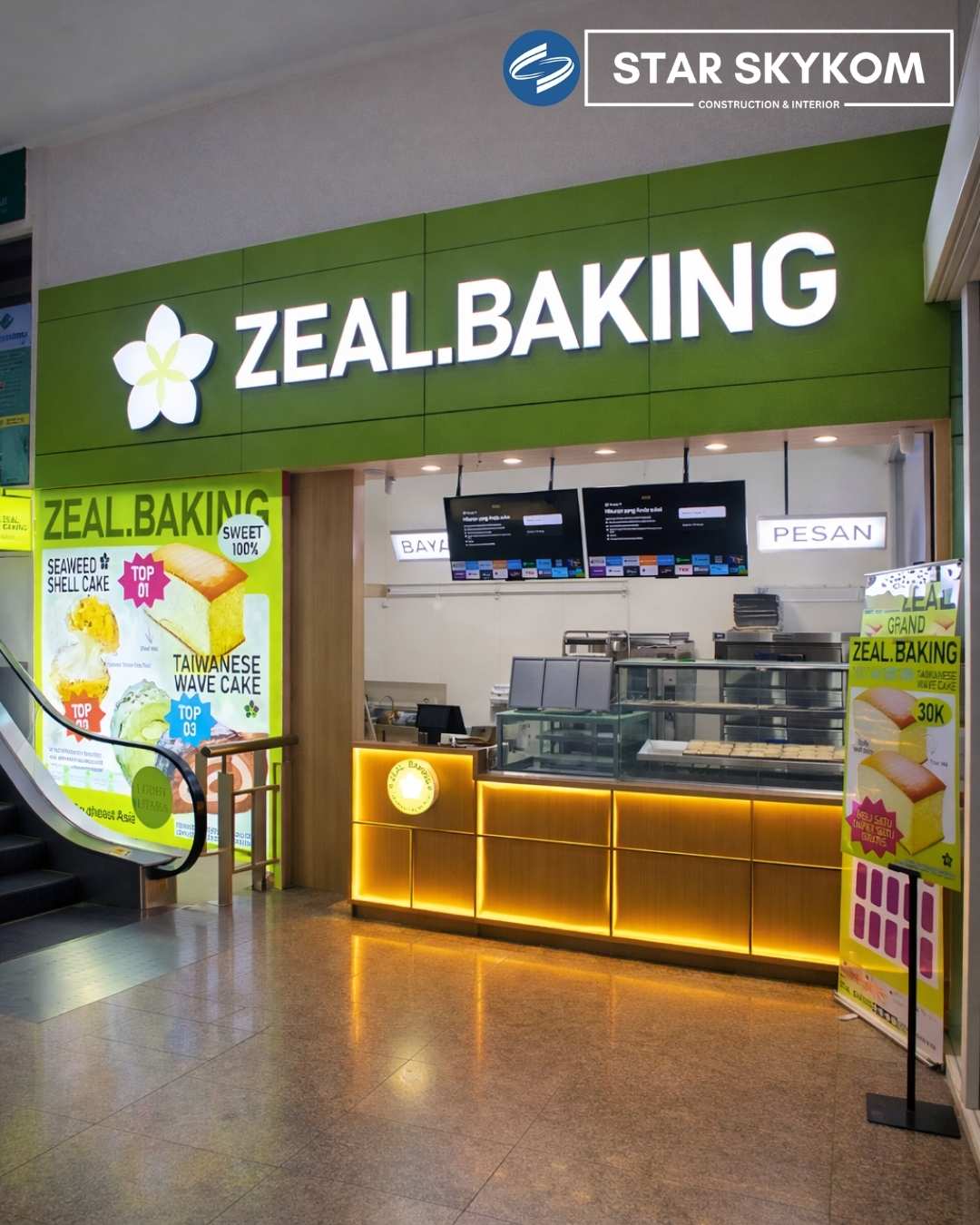 Zeal baking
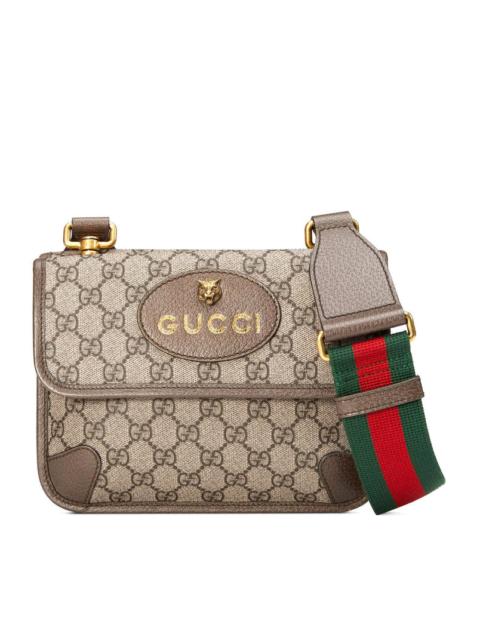 GUCCI Gucci Men Gg Supreme Fabric Shoulder Bag Small Size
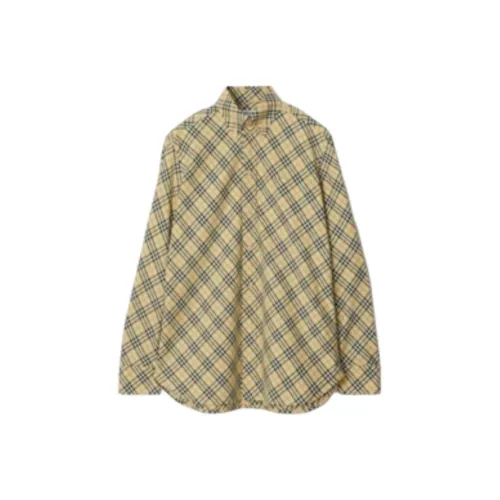Burberry Желтые Женские Рубашки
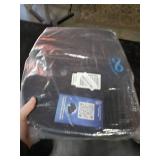 Everlasting Comfort Doctor Recommended Memory Foam Seat Cushion for Office Chairs & Car - Ergonomic Office Desk Accessories - Cushions for Tailbone Pain Relief, Sciatica (Black, Large)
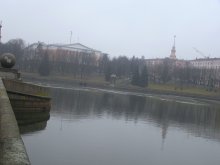 Minsk einem Februar Morgen / ***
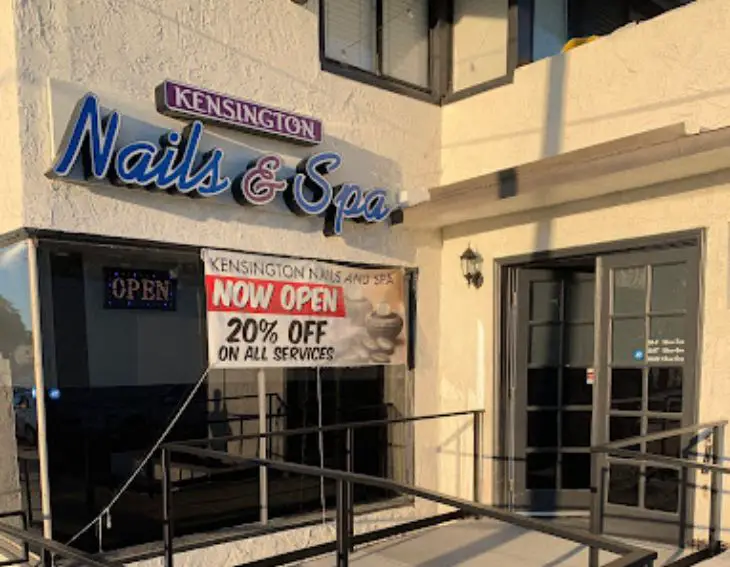 Kensington Nails and Spa Near Me in San Diego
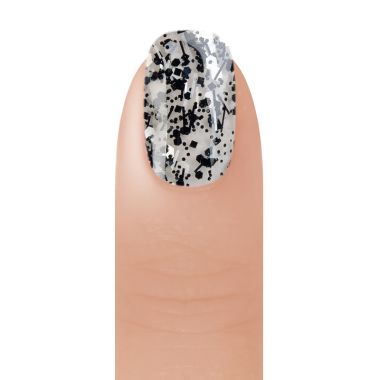 Geluv #100 Black & White Affair 0.5 oz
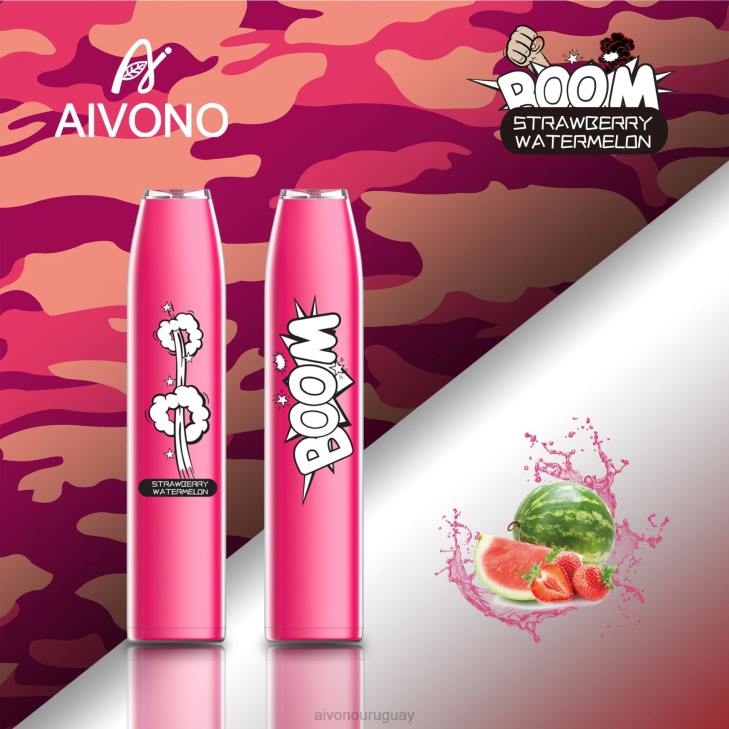 Aivono Vape Uruguay - Aivono AIM BOOM 600 sandia fresa 6066364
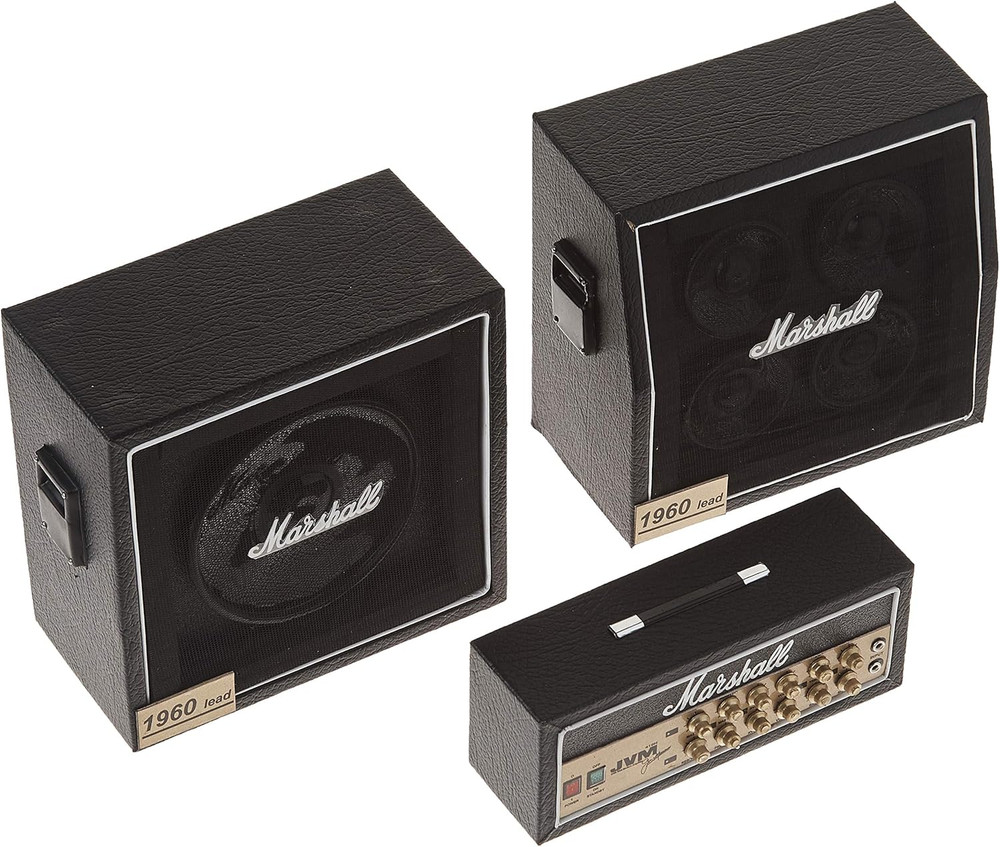MS-AMP3-1 Miniature Full Stack Amp Black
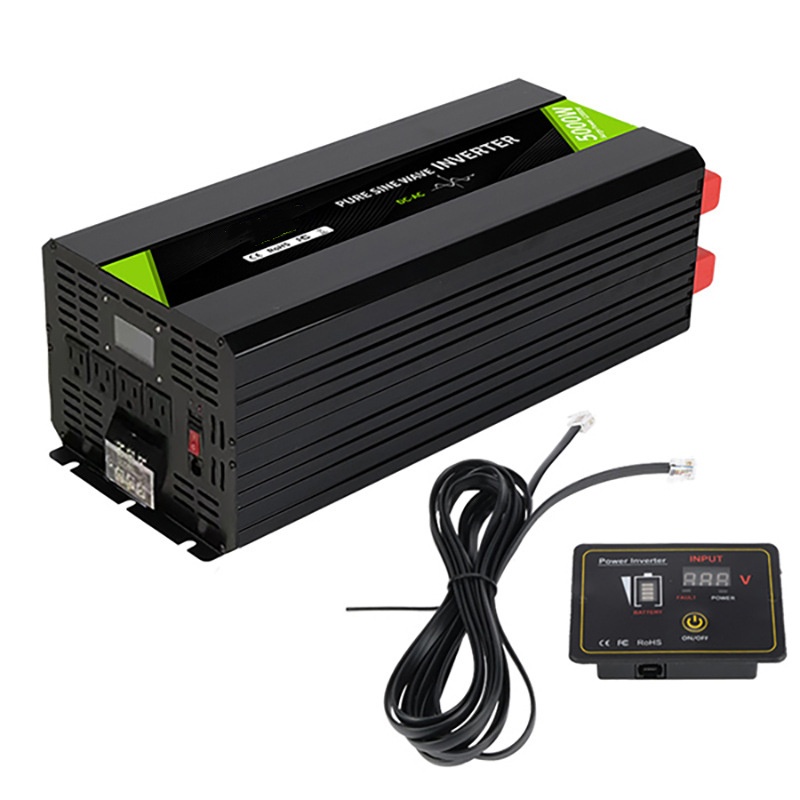 Myami 5000w 12v 24v 48v Dc To  - Pure Sine Wave Inverter 5000W 48V 220V 评论和价格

▶ ABOUT THIS TASK: Hand back every line of the material, exactly, without the pictures.

▶ OUTPUT BELOW:
 Zeal baking
 GUCCI Gucci Men Gg Supreme Fabric Shoulder Bag Small Size
Burberry Желтые Женские Рубашки
 Everlasting Comfort Doctor Recommended Memory Foam Seat Cushion for Office Chairs & Car - Ergonomic Office Desk Accessories - Cushions for Tailbone Pain Relief, Sciatica (Black, Large)
 Minsk einem Februar Morgen / ***
 Kensington Nails and Spa Near Me in San Diego
 Geluv #100 Black & White Affair 0.5 oz
 Aivono Vape Uruguay - Aivono AIM BOOM 600 sandia fresa 6066364
MS-AMP3-1 Miniature Full Stack Amp Black
 Myami 5000w 12v 24v 48v Dc To  - Pure Sine Wave Inverter 5000W 48V 220V 评论和价格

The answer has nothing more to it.